## WHAT YOU SHOULD DO
The exercise calls for exact output of the lines between the one that contains "ALLEN BRADLEY 800MS" and the end of the data, with both ends kept and pictures left out.

## RECORDED DATA

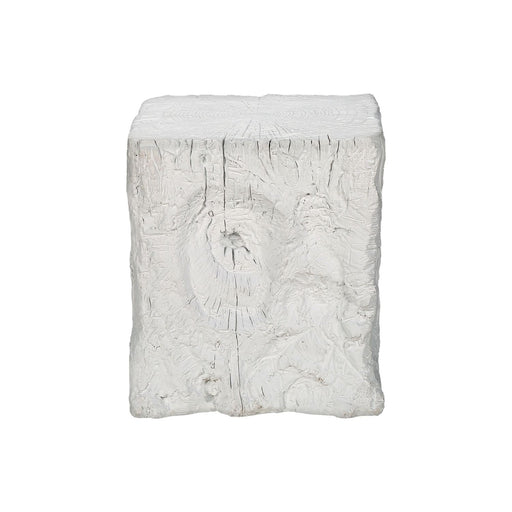 White 8th Street square accent table for indoor and outdoor use, featuring a modern design and sturdy construction.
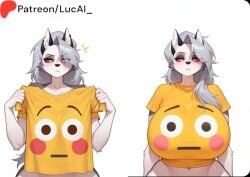 1girls ai_generated big_ass big_breasts clothed clothing female flushed_emoji_shirt helluva_boss huge_breasts loona_(helluva_boss) lucai thick_thighs two-tone_body wolf wolf_girl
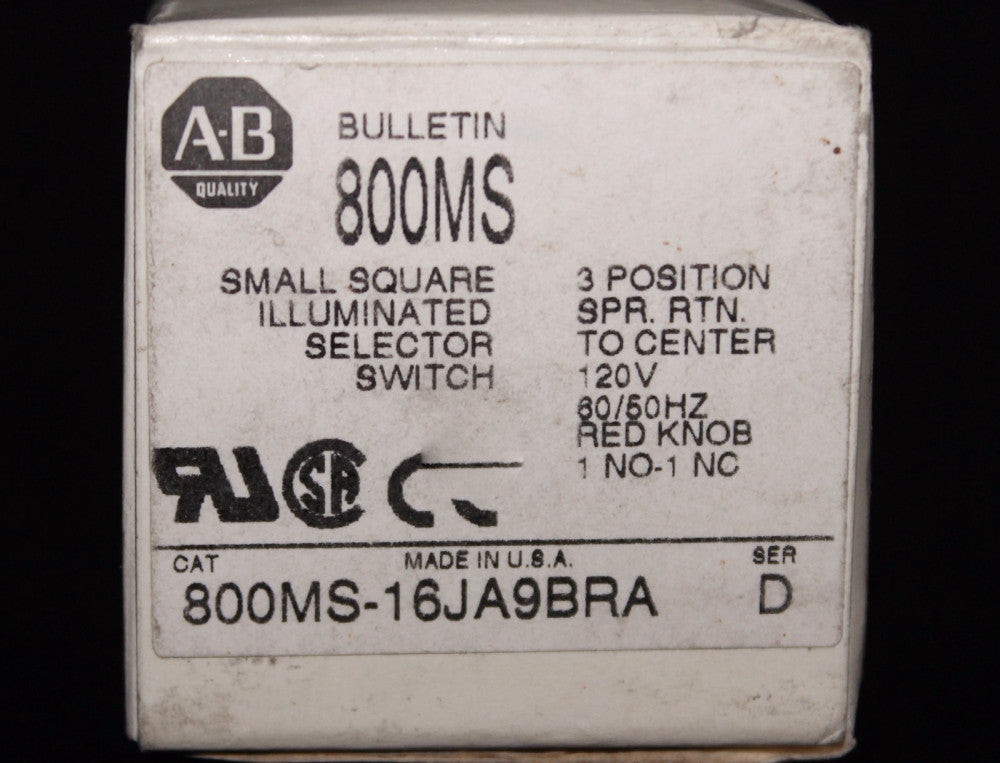 ALLEN BRADLEY 800MS 16JA9BRA Small Square Illum Selector Switch RED 3 Pos 120V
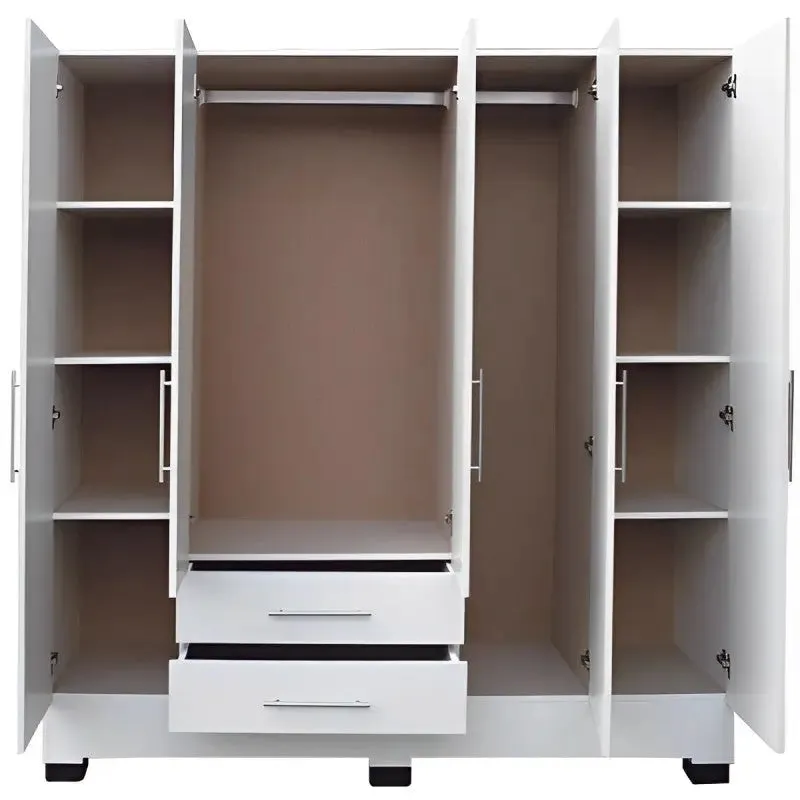 Freestanding 5 Door Clothing Cupboard With Drawers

## EXERCISE RESULT
 ALLEN BRADLEY 800MS 16JA9BRA Small Square Illum Selector Switch RED 3 Pos 120V
 Freestanding 5 Door Clothing Cupboard With Drawers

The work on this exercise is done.